July 8, 2020

The Council of the International Civil Aviation Organization (ICAO) recently chose to exclude 2020 emissions levels from baseline calculations for the Carbon Offsetting and Reduction Scheme for International Aviation (CORSIA). The council’s decision applies to the Pilot Phase of CORSIA, which will run from 2021-2023.

Flight activity in 2020 has been significantly impacted by the COVID-19 pandemic, and would have established artificially low averages, thereby increasing costs in later years to aircraft operators.

CORSIA is one part of a plan to reduce carbon emissions from international civil aviation and achieve carbon-neutral growth. The CORSIA baseline was originally planned to be the average level of emissions between 2019 and 2020, setting the basis for costs to aircraft operators from 2021-2035.

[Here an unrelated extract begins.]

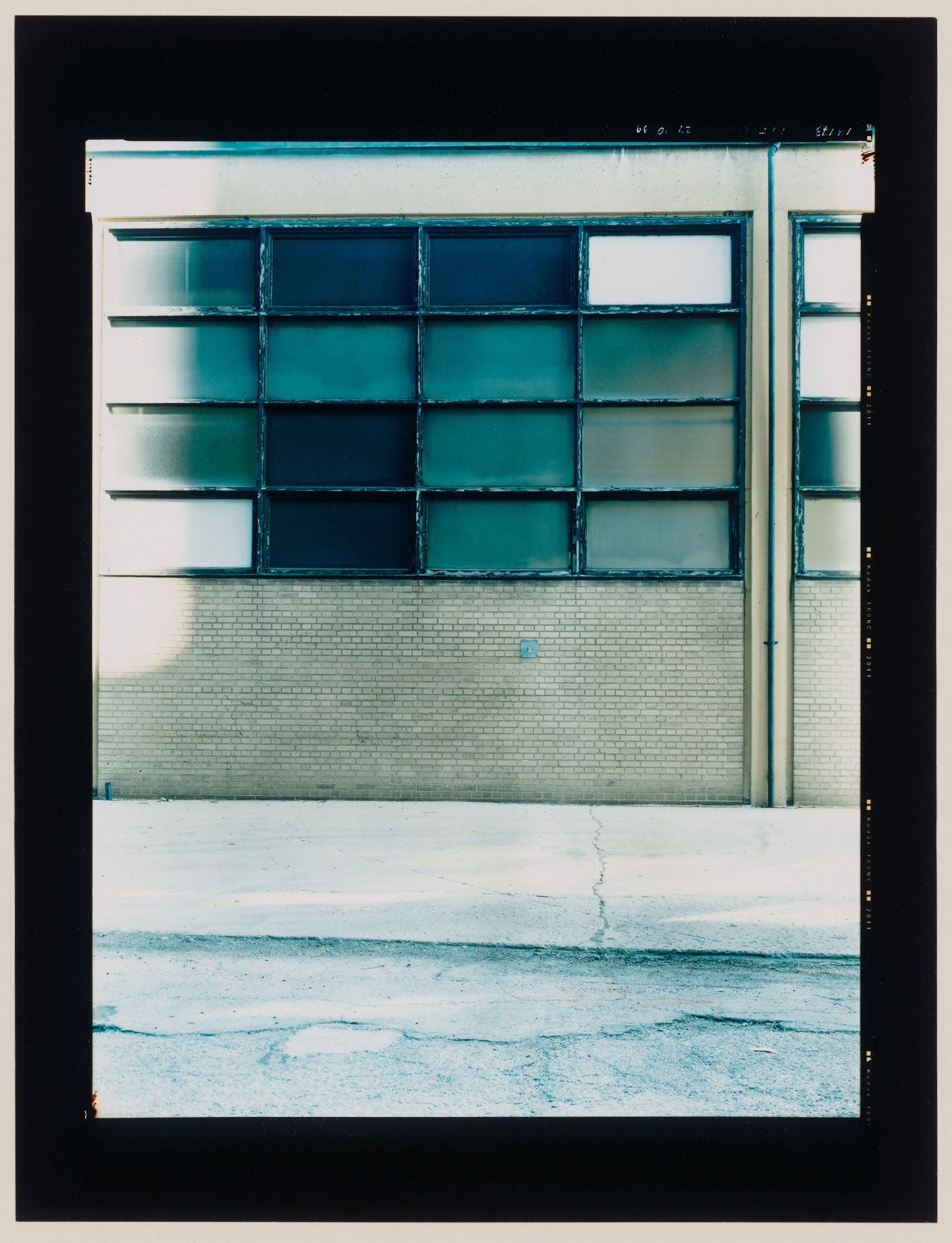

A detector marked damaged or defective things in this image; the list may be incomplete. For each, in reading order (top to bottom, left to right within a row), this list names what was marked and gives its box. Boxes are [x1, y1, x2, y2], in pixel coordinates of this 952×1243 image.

crack in pavement [589, 805, 611, 939] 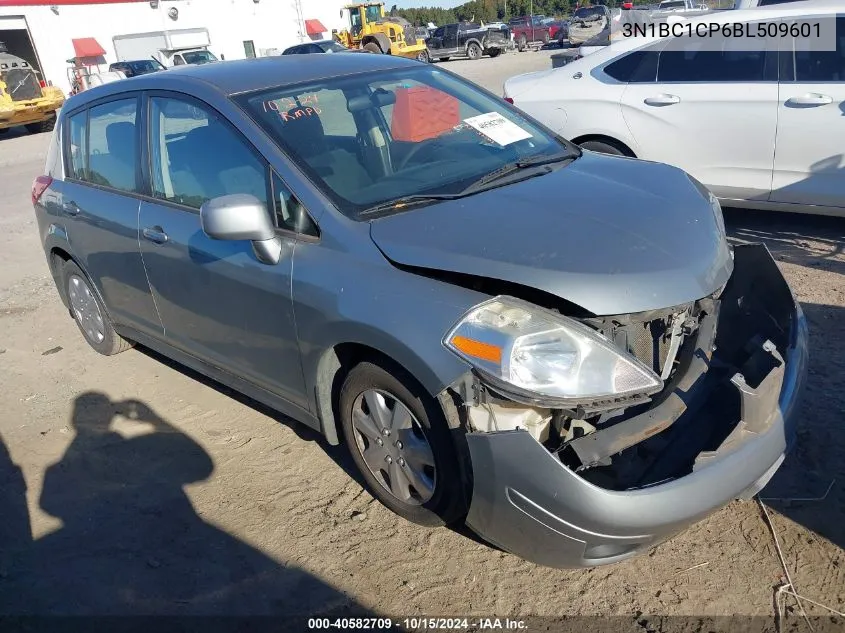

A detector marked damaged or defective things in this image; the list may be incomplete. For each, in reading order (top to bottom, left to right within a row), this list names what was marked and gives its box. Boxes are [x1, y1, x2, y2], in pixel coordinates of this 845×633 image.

In 2016 ICAO responded to a call – issued by the International Business Aviation Association (IBAC), in coordination with NBAA and other IBAC-member groups – for a small-emitter exemption from CORSIA for nearly all business aircraft operators. The exemption recognizes that business aviation accounts for only a small fraction of global emissions, and has demonstrated continuous progress in emissions reduction.

Earlier this year, NBAA welcomed IBAC’s call for ICAO to adjust the CORSIA baseline. “NBAA is an advocate of emissions-reductions measures, but strongly encourages ICAO to use flight activity averages from 2019, which are more representative of typical air traffic, rather than to include flight activity from 2020, which has been so significantly impacted by the worldwide pandemic,” NBAA President and CEO Ed Bolen noted at the time.

NBAA urged the council to consider the impact of COVID-19 on the worldwide aviation industry not just in the Pilot Phase, but also in later phases of CORSIA implementation.